From such records, str_mut_signatures:

Extracts allele-level repeat copy numbers from REPCN or REPLEN.
Compares NORMAL vs TUMOR allele counts at each locus.
Identifies loci where tumor repeat copy number differs from normal.
Encodes the net repeat-length change as tumor–normal (e.g. +1).
Uses only these somatic STR events for downstream count matrices and signature extraction.

Annotating standard VCFs

If your VCFs lack RU, REF, or copy-number fields, you can annotate them using the tool strvcf_annotator:

Takes standard VCF + STR reference.
Produces STR-annotated VCFs compatible with str_mut_signatures.

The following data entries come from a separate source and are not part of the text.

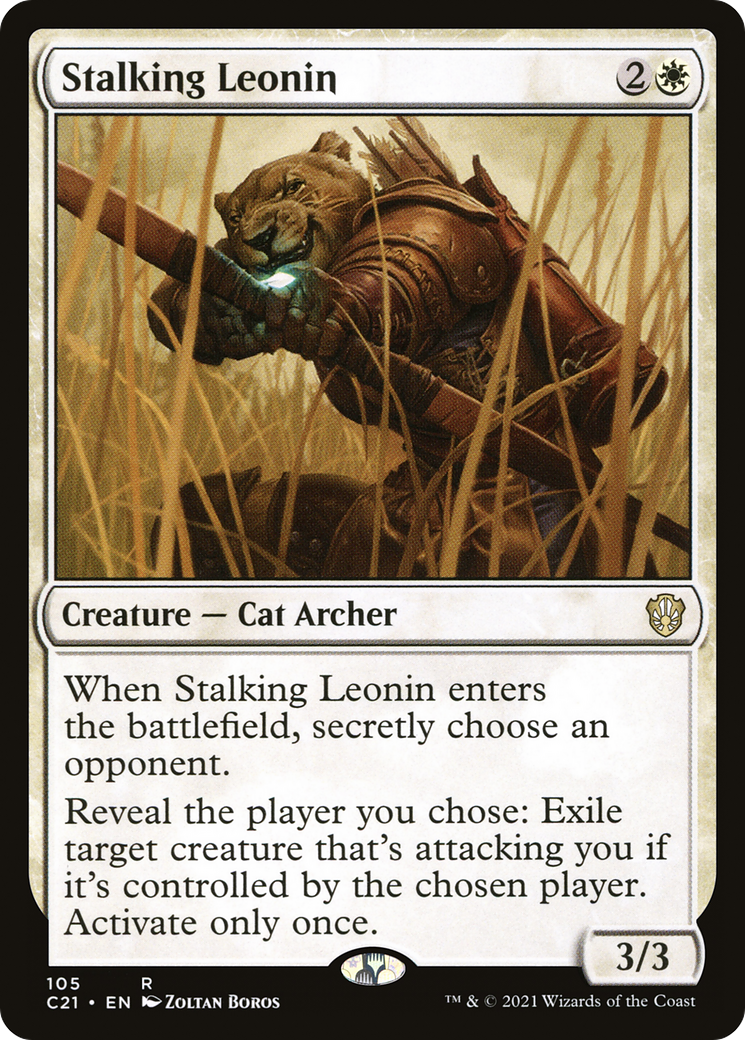 Stalking Leonin [Commander 2021] | Grognard Games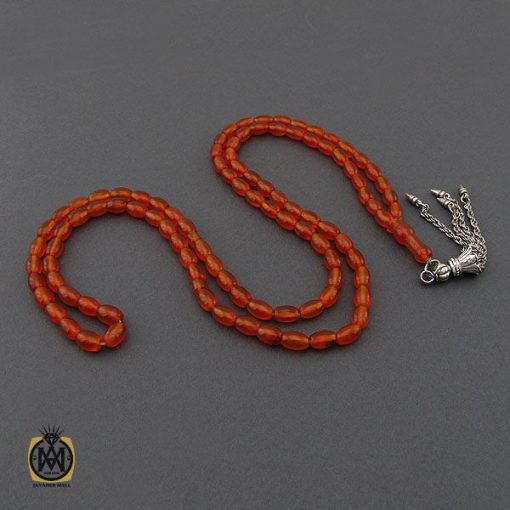 تسبیح 101 دانه عقیق یمن خوش رنگ و ارزشمند - کد 4298 - تصویر 2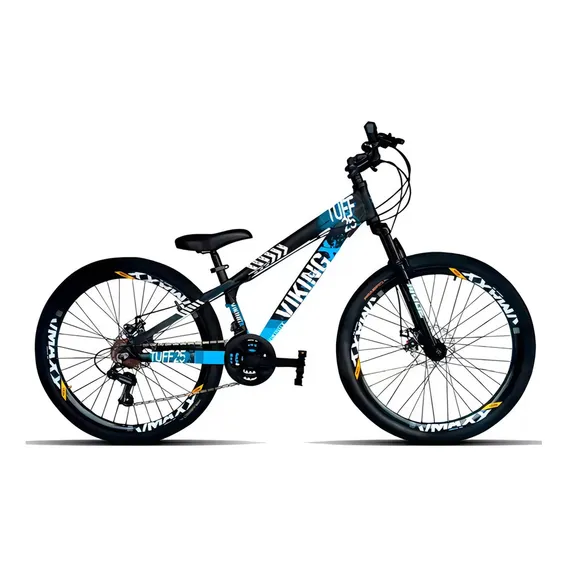 Bike Viking Freeride Tuff 25, Aro 26, 21 Velocidades, Azul Tamanho Do Quadro 13.5 Foto 1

For details see: strvcf_annotator.

Matrix construction

build_mutation_matrix defines feature keys using independent options.

Core components

Each feature key can include:

repeat-unit length (LEN{len(motif)}) via ru_length
repeat-unit content via ru (optional)
reference repeat count via ref_length
tumor–normal delta via change

Repeat-unit content modes

ru omitted (ru=None): no repeat-unit content is included.
ru="class": base composition class is used:
- AT_only: motif contains only A/T
- GC_only: motif contains only G/C
- mixed: mixed A/T and G/C
ru="ru": full repeat-unit sequence is used (e.g. A, AT, AAT).

Examples

Motif length + base class + ref length + somatic change:

m = build_mutation_matrix(
    mutations,
    ru_length=True,
    ru="class",
    ref_length=True,
    change=True,
)
# e.g. LEN2_AT_only_15_+1

Full motif + ref length + somatic change:

m = build_mutation_matrix(
    mutations,
    ru_length=False,
    ru="ru",
    ref_length=True,
    change=True,
)
# e.g. AT_15_+1

Length only:

m = build_mutation_matrix(
    mutations,
    ru_length=True,
    ru=None,
    ref_length=False,
    change=True,
)
# e.g. LEN1_+1

Presence/absence-style summaries (no delta term):

m = build_mutation_matrix(
    mutations,
    ru_length=True,
    ru=None,
    ref_length=True,
    change=False,
)
# e.g. LEN1_10

Filtering mutation matrices

Large STR feature spaces can be sparse. filter_mutation_matrix provides several strategies to reduce noise before NMF.

Supported methods

from str_mut_signatures import filter_mutation_matrix

filtered, summary = filter_mutation_matrix(
    matrix,
    feature_method="manual",
    min_feature_total=10,
    min_samples_with_feature=3,
    min_sample_total=0,
    feature_percentile=0.9,  # used for percentile method
)

Methods:

feature_method="manual"
- Keep features with:
  - total count across samples >= min_feature_total
  - present (non-zero) in at least min_samples_with_feature samples.
- Drop samples with total counts < min_sample_total.
feature_method="elbow"
- Compute feature totals.
- Use an “elbow” heuristic to choose a count threshold.
- Keep features above that threshold.
- Apply min_samples_with_feature and min_sample_total as in manual mode.
feature_method="percentile"
- Compute feature totals.
- Keep features above a chosen percentile of totals (e.g. feature_percentile=0.9 keeps the top 10% by total count).
- Apply min_samples_with_feature and min_sample_total as in manual mode.

The function returns:

filtered – filtered count matrix.
summary – small dataclass with filtering statistics (e.g. numbers of features/samples before/after, thresholds used).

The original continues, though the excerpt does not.